Encaging us within his two dimensional world, Bacon draws us into the confines of his painterly reality in the present work, a painting richly interwoven with meaning. To the centre left of the work in the pyramid-like black outline, our eyes trace the profile of a sphinx, it’s legs outstretched and gripped by the jaws of the dog. With a deep interest in classical literature and theatre, Bacon’s reading of mythology informs his visual syntax, returning to the theme of the sphinx continually throughout his oeuvre.

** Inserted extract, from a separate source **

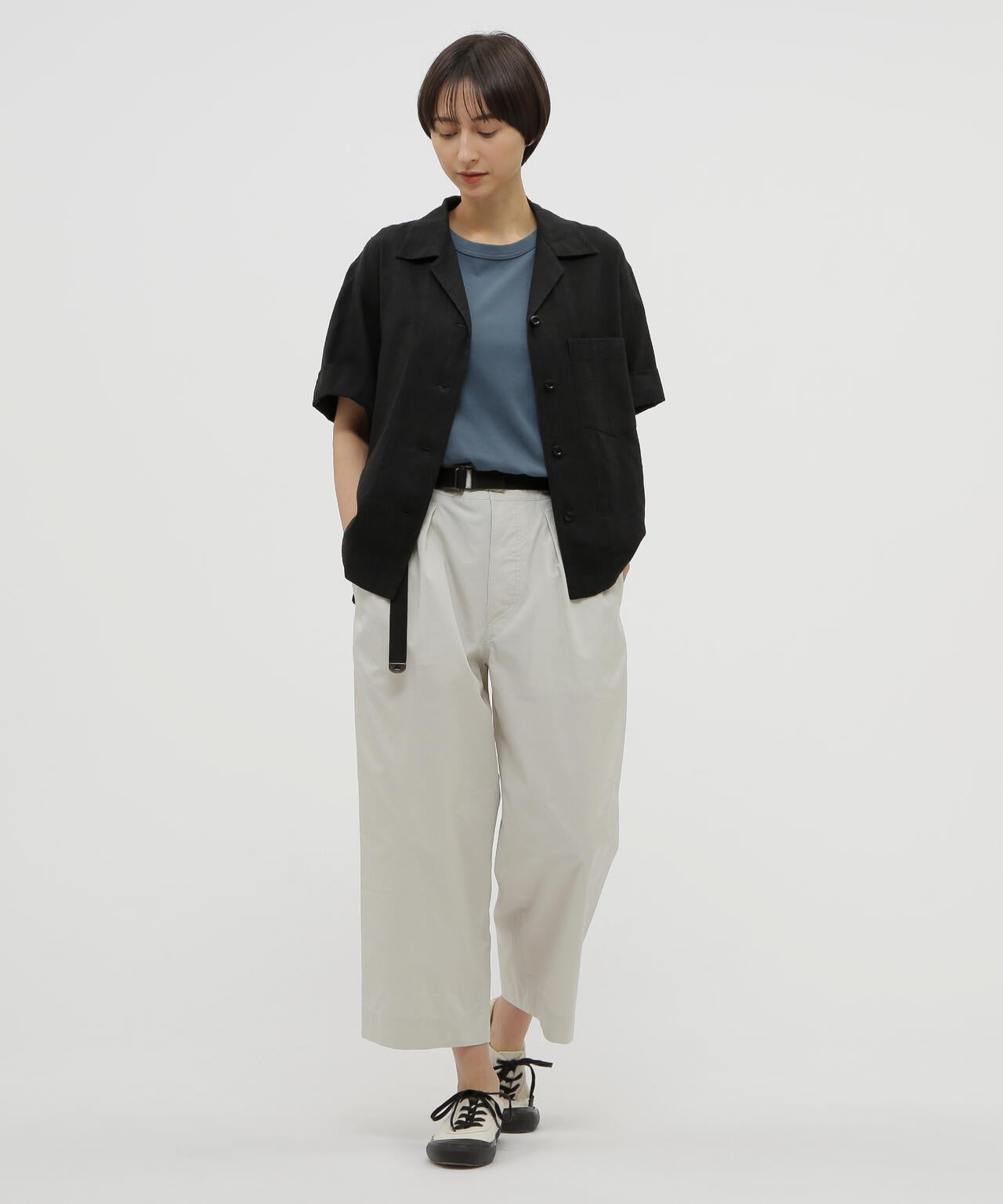 身長168cm B76 W58 H86 着用サイズ:II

In 1934, the year prior to the present work, Jean Cocteau premiered his play La Machine infernale, in which the character of the sphinx exclaims ‘And I should make you go down on your knees… And you’d bend your head…and Anubis would bound forward. He would open his wolf-like jaws!’ Echoed in the present work, this reference is exemplary of Bacon’s vast array of references and aesthetic pointers which unpack our subconscious and evoke our deepest associations. The poignancy of Interior of a room within Bacon’s practice stands alone, its composition displaying a wide breadth of key themes which are integral to Bacon’s most famous masterworks. A vanguard of what Bacon would go on to produce, the present work is an indication as to just how early Bacon began considering his lifelong revisited subjects.